# Soundstream - The Continuum



## Sallust (Apr 8, 2015)

First, long time lurker here that finally decided to join, hello everyone!

Long story short, I've been on the hunt for some time now for a few old school Soundstream amps. I just happened across a Continuum by chance and snapped it up. 

I've been reading a lot of various bits of information on the forums about faults with switches, solder points and so on. My questions proposed to the group are:

1) Should I send this off (and to whom?) for some type of health check before moving forward with my project?

2) Does anyone here have any experiences with these amps and as such, advice on do's/dont's when using them.


For context, my car audio project is a pristine '02 Z06, I bought the amp to enjoy, not put in a glass case. I wanted something from the '90's era and the old SS amps, for me fit the bill.


----------



## Old Skewl (May 30, 2011)

Most of these amps are still going strong. But for piece of mind and reliability it's not a boad idea to have them gone over. I've owned a bunch of Reference series amps D Series, and an MC and have yet to have a bad switch. Usually they need a good cleaning get as they get oxidized. Many will tell you that 20 year old capacitors need replaced as they are losing their accuracy. ShawnK did a repair and a couple recaps for me and did fabulous work.

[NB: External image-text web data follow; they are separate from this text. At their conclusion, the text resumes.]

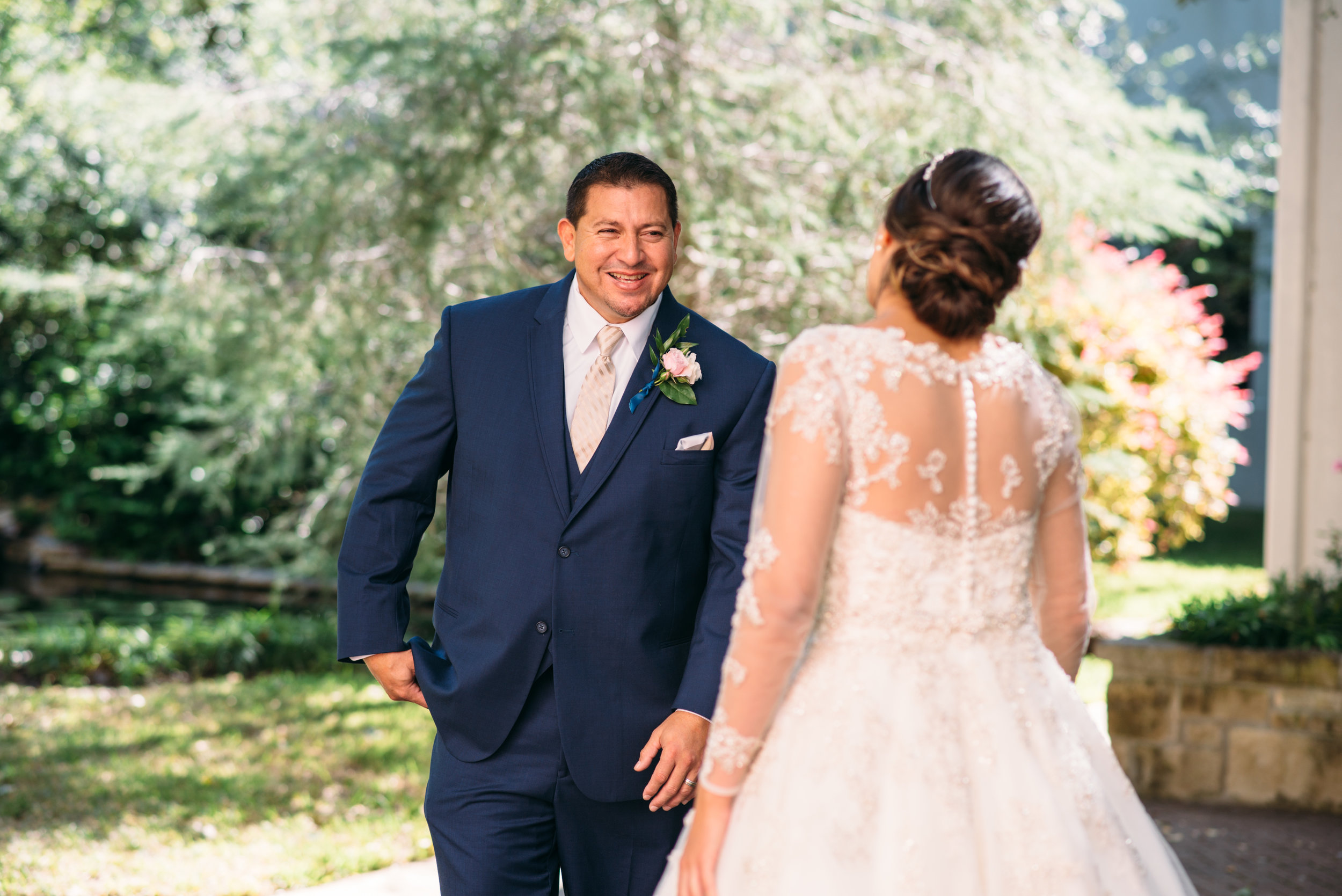 AggieWedding_CollegeStation_WeddingPhotographer_12.jpg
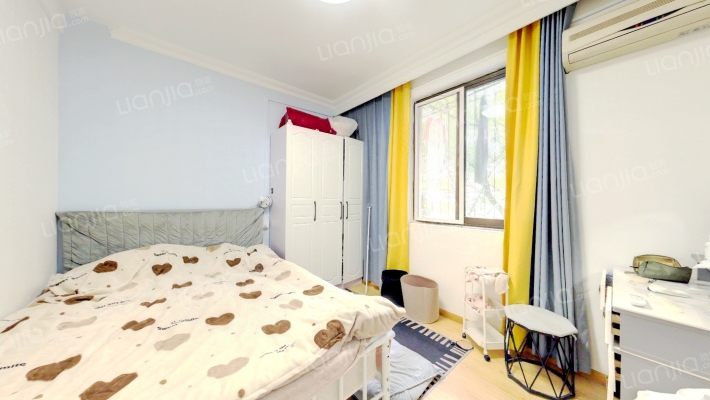 棕南西街4号二手房实景图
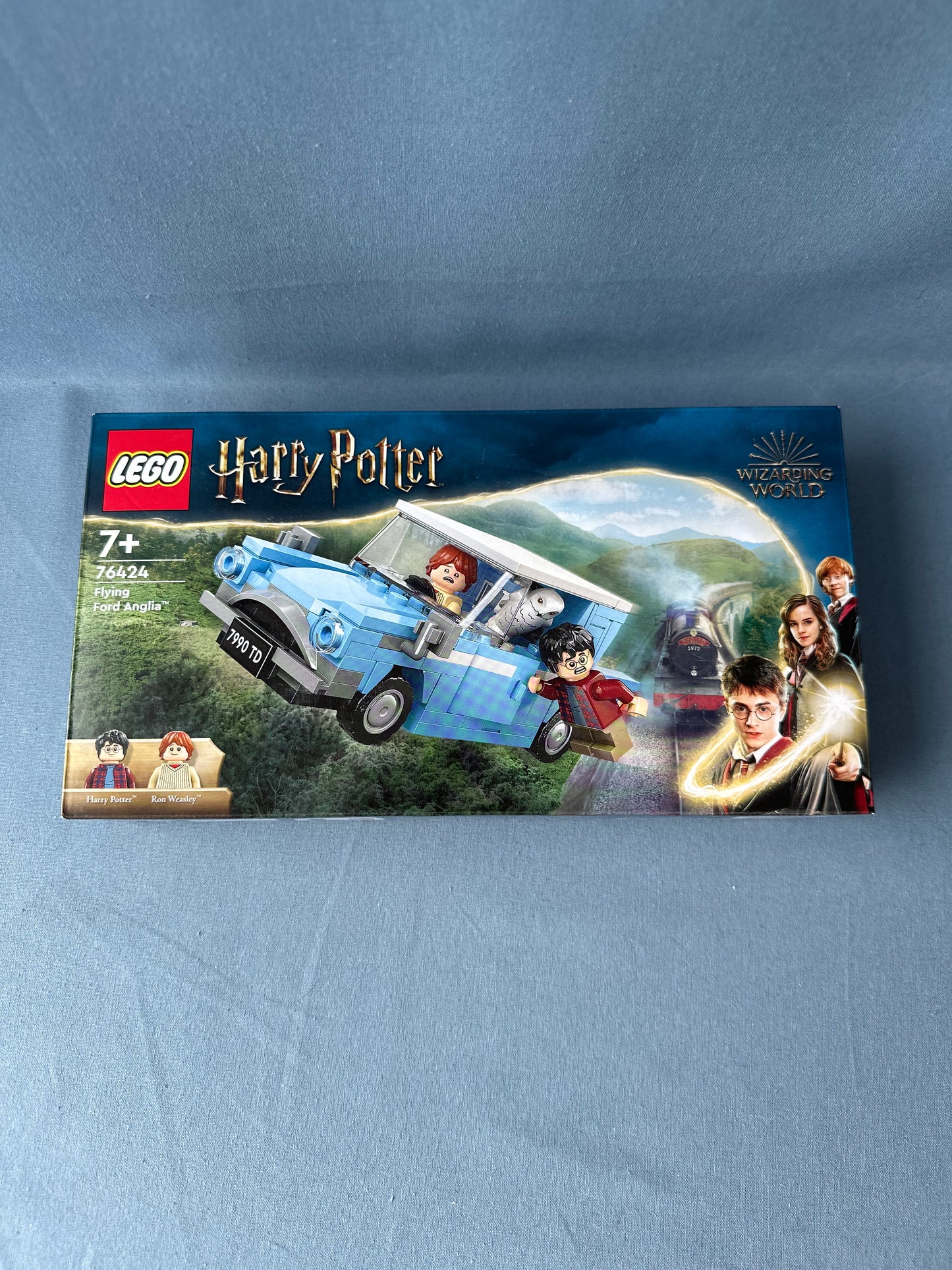 LEGO Harry Potter. Flying Ford Anglia. 76424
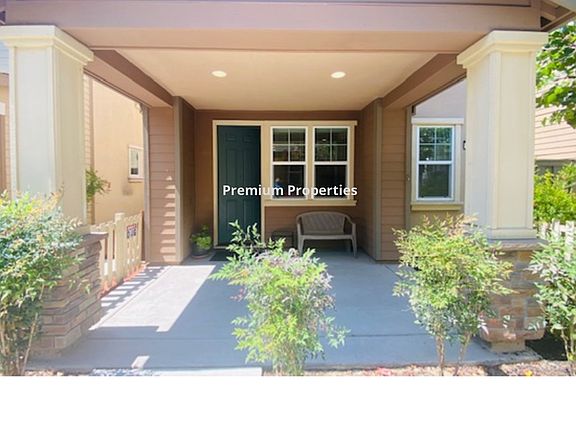 3rd image of 312 N Park Ct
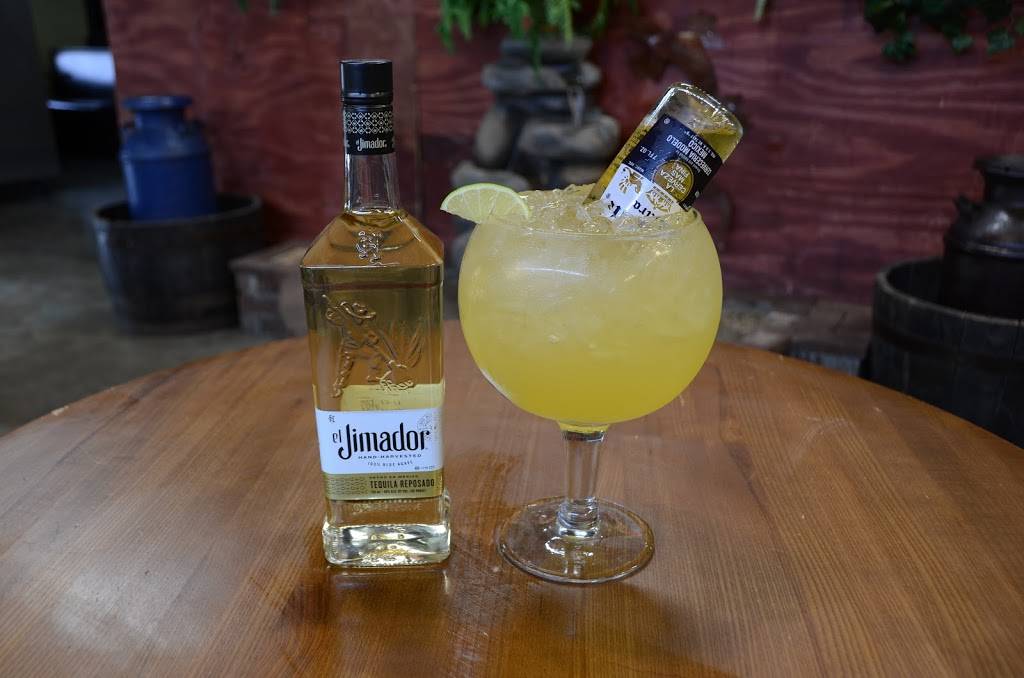 El Campesino | restaurant | 4709 S Broad St, Scottsboro, AL 35769, USA | 2569990713 OR +1 256-999-0713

I have a 705 which is basically the same as the continuum.


----------



## Sallust (Apr 8, 2015)

Good to know there are still people who can work on these, brings a bit of relief. I've got a 1000s and a 500sx (still in the plastic wrap) sitting in my closet. I've heard from a few that the 500sx will be a shot in the dark as to working or not due to it being brand new and never actually fired up. It may just stay that way for a while longer 

However the Continuum I definitely want to make use of and make sure it's in top condition before moving forward. I take it Shawnk is part of this forum, is he a supporting vendor, does he have a website?

Thank you in advance.


----------



## Old Skewl (May 30, 2011)

Could be a gamble on the 1000s and the 500sx. Many were known to fail on start up when they came out. Factor in another 18 or so years who knows.

Shawnk is a forum member that got into repairing amps by buying OS amps that needed repair. He is meticulous about his work, communication is very good and he just does it on the side. TrickyRicky and ATOMICTECH are also very reputable in amp repairs/upgrades. None of them have a business that I'm aware of. They just do it as a hobby. I guess I would factor in shipping costs to each state and time to repair. I noticed TrickyRicky stated his plate is full for while. Good luck!


----------